### [Exercise requirements]
Output, exactly and with no pictures, the line that contains "Armac Martin Victoria" and every line that comes after it in the data below, the last one included.

═══ Given data ═══

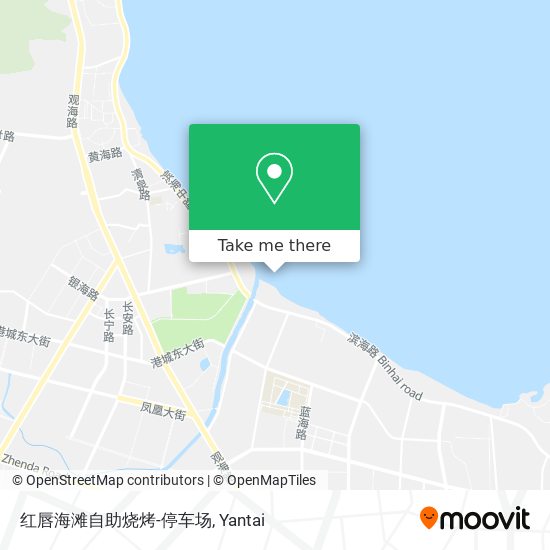 红唇海滩自助烧烤-停车场 map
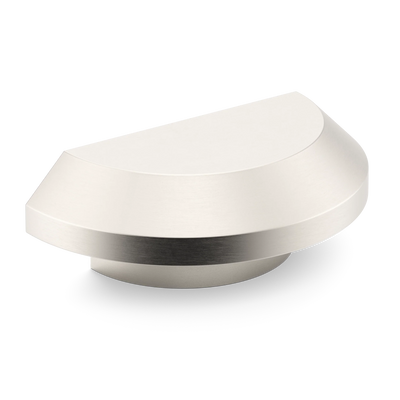 Armac Martin Victoria Plain D-Pull Handle in 100mm / Satin Nickel Plate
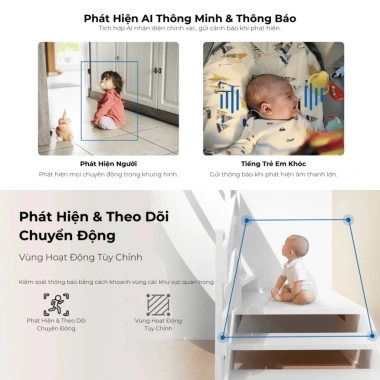 Combo 3M Tapo C216 + Thẻ 128GB Xoay 360° 2 chiều Màu Ban đêm Giá 1.197.000₫ 6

═══

### [Answer to the problem]
 Armac Martin Victoria Plain D-Pull Handle in 100mm / Satin Nickel Plate
 Combo 3M Tapo C216 + Thẻ 128GB Xoay 360° 2 chiều Màu Ban đêm Giá 1.197.000₫ 6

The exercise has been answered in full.